FEG Holdings Corporation Limited (FEG Holdings) has disclosed that its ongoing one-for-two Rights Issue attracted valid applications for 83.63 million shares as of the 22 May 2026 deadline. The subscription rate represents approximately 51.0% of the 164.00 million Rights Shares on offer.

A balance of 80.37 million Unsubscribed Rights Shares (49.0% of the issue) will be dealt with under compensatory arrangements. Between 28 May and 1 June 2026, the appointed placing agent will seek independent investors on a best-effort basis. Any premium realised above the subscription price will be distributed pro rata to shareholders whose entitlements were not taken up, subject to a HK$100 minimum payment threshold; smaller sums will be retained by the company.
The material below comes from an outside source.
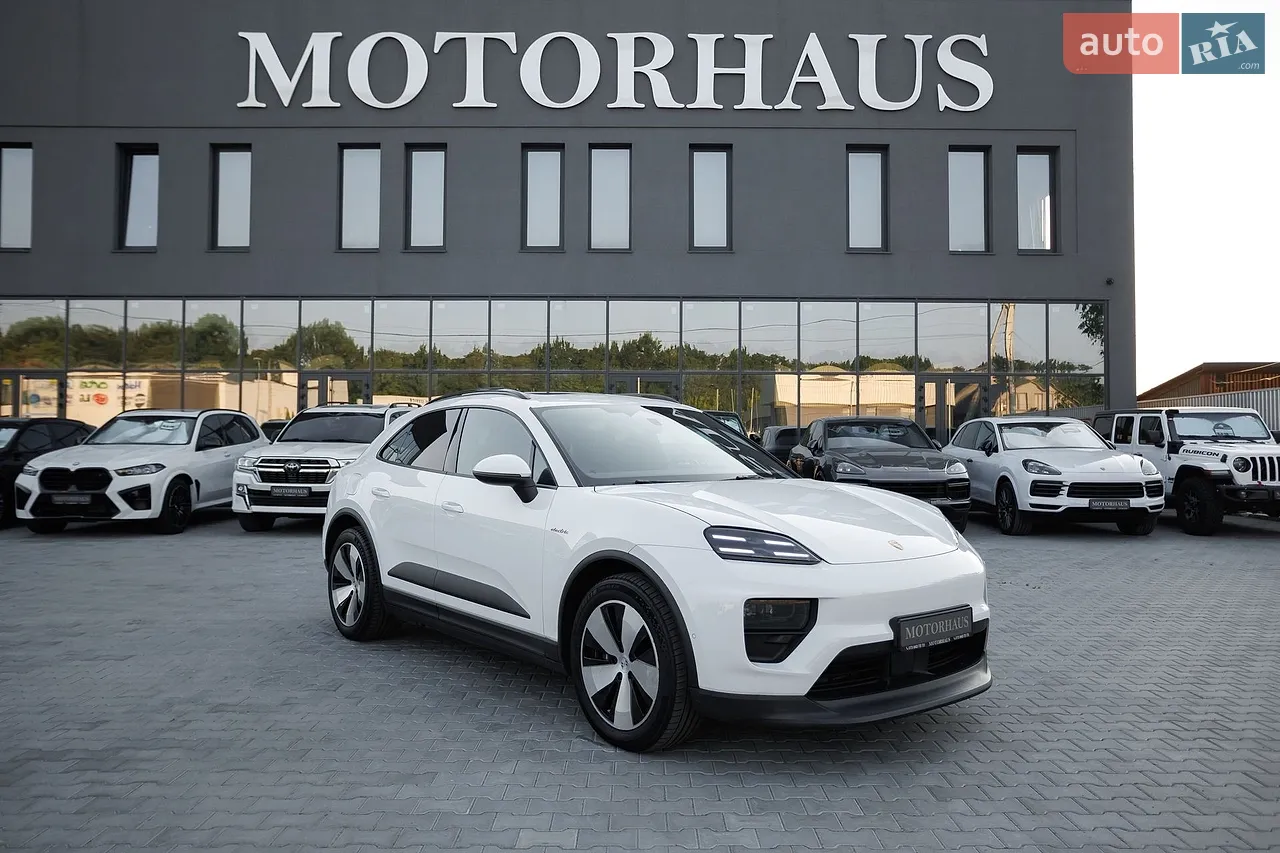 2023 Lexus RX - мініатюра 49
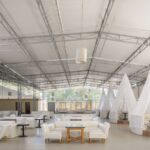 Hotel Sindbad Club Aqua Hurgada – Start Travel 6546551321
The board confirmed that no Non-Qualifying Shareholders were identified, eliminating the need to manage NQS Unsold Rights Shares. Should any Unsubscribed Rights Shares remain unplaced, the size of the Rights Issue will be reduced accordingly.

A results announcement covering final subscription data, placement outcomes, and net gain per share is scheduled for 9 June 2026. The Rights Issue remains conditional on Hong Kong Stock Exchange approvals and other listed prerequisites; if conditions are not fully met, the transaction may not proceed.

The company reiterates that the Rights Issue is non-underwritten, and shareholders who forgo their entitlements risk dilution proportional to the final issue size. Investors are advised to exercise caution when dealing in FEG Holdings’ securities until all conditions are fulfilled.